Intervention au Conseil provincial du 17 mars 2008
Le 17 mars 2008, j’ai interpellé le Député provincial Paul-Emile Mottard sur la politique touristique de la Province de Liège.
« Quel est le rôle de la Province dans le cadre de la législation relative à la reconnaissance de communes comme centres touristiques ? »
Retrouvez ci-dessus le contenu de mon intervention…
Chers collègues,
Dans le cadre de la prise de connaissance de ce rapport relatif à la politique touristique de notre province, je m’interroge sur le rôle de la province par rapport à la législation relative à la reconnaissance de communes comme centres touristiques.
La politique provinciale en matière de Tourisme, menée par l’intermédiaire de la Fédération du Tourisme de la Province de Liège, consiste en la promotion du tourisme sous toutes ses formes.
Il s’agit notamment de :
- mener des actions et opérations visant à assurer la promotion touristique,
- développer tous les moyens susceptibles d’assurer la meilleure information au public,
- favoriser la création et le développement d’infrastructures,
- organiser ou soutenir toutes manifestations,
- analyser et prospecter les marchés dans le secteur touristique,
- soutenir et coordonner les actions des organismes et sociétés, et plus particulièrement les Maisons du Tourisme, Syndicats d’initiative et Offices du Tourisme,
- contribuer à la protection des paysages, des monuments et des sites.
L’objectif prioritaire du nouveau plan stratégique 2008-2012 vise à augmenter le poids du secteur touristique en province de Liège, en développant une stratégie touristique s’appuyant sur 5 points de chute, correspondant aux principales localités en termes de notoriété touristique (Huy, Liège, Aywaille, Spa, Malmédy), et non plus sur les 11 zones correspondants aux ressorts des Maisons du Tourisme. Et au départ de ces 5 points se développera une politique « coups de cœur », accompagnée de la promotion d’une offre touristique plus secondaire dans chaque zone.
D’un point de vue local, la politique touristique se développe autant à l’échelle des communes (principalement en ce qui concerne les infrastructures), mais également via les Maisons du Tourisme, qui s’occupe plus particulièrement de la promotion touristique. Ces dernières permettent en effet de structurer l’offre sur l’ensemble d’une entité touristique, et de la positionner en fonction d’une identification forte et communicable aux touristes.
Actuellement, les Maisons du Tourisme semblent être les interlocuteurs moteurs du développement touristique provincial, de par le rôle de coordinateur, de fédérateur joué par la Fédération du Tourisme. Je m’interroge d’ailleurs sur l’évolution de cette collaboration, du choix des interlocuteurs dans la politique de demain, développée dans le plan stratégique, à savoir les 5 points de chute.
Mais ce qui amène mon intervention est plus spécifiquement le lien, la concertation entre la province et les communes en politique touristique.
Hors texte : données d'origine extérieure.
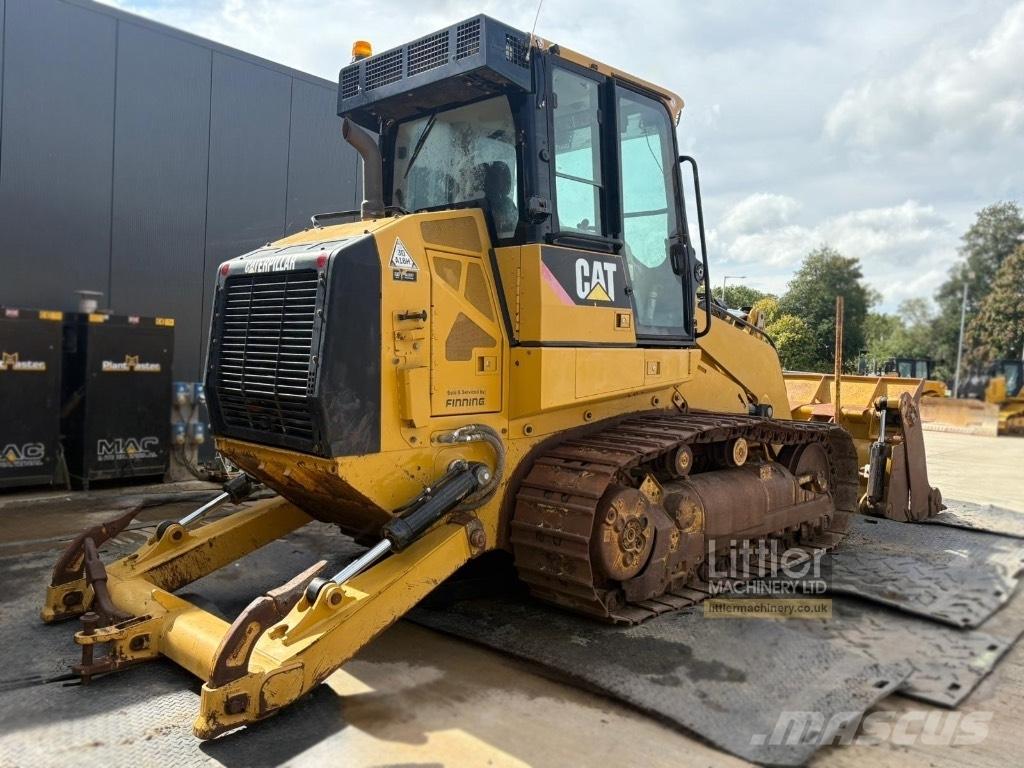 CAT 963 D Kāpurķēžu iekrāvēji
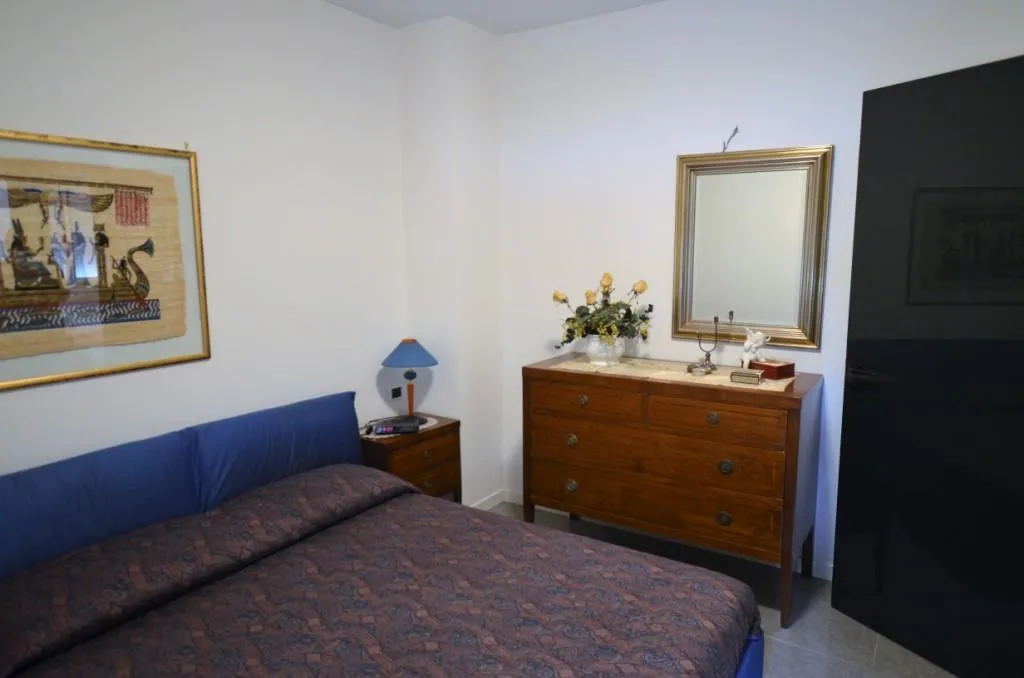 Bedroom in apartment in Sanremo in via Strada Solaro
J’ai vu qu’en matière d’équipement touristique, la Fédération du Tourisme de la Province de Liège est légalement et/ou réglementairement appelée à formuler un avis préalable à tout octroi en faveur d’un organisateur local basé en province de Liège, de subside d’équipement touristique émanant tant de la Région wallonne que de la Commission européenne, et remplit également un rôle de conseiller au niveau de la constitution et du suivi des dossiers.
J’aimerais savoir si la Province va plus loin dans le choix des outils touristiques à développer, ou même dans la coordination entre les politiques touristiques de différentes communes ?
De plus, la législation fédérale permet aux communes d’être reconnues centres touristiques, en fonction de différents critères, et notamment :
- donner un inventaire des curiosités ou sites renommés à caractère culturel, historique ou religieux, beauté de la nature,
- démontrer l’existence d’un encadrement pour l’accueil des touristes,
- investir et disposer d’un plan d’investissement visant à promouvoir le tourisme,
- …
Il faut savoir que cette reconnaissance est liée à la possibilité en tant que centre touristique d’autoriser l’ouverture des commerces le dimanche (et donc l’occupation des travailleurs le dimanche).
Comment se situe la Province par rapport à cette possibilité de reconnaissance pour les communes en tant que centres touristiques ? Est-ce que la Province pourrait jouer un rôle de conseiller, voir d’arbitre, dans les critères de reconnaissance des centres touristiques ? Quels sont les impacts de ces reconnaissances sur la politique touristique provinciale, notamment en ce qui concerne le développement des outils touristiques des centres touristiques ?
Je vous remercie de votre attention, et remercie d’avance Monsieur le Député des éléments de réponse qu’il pourra m’apporter.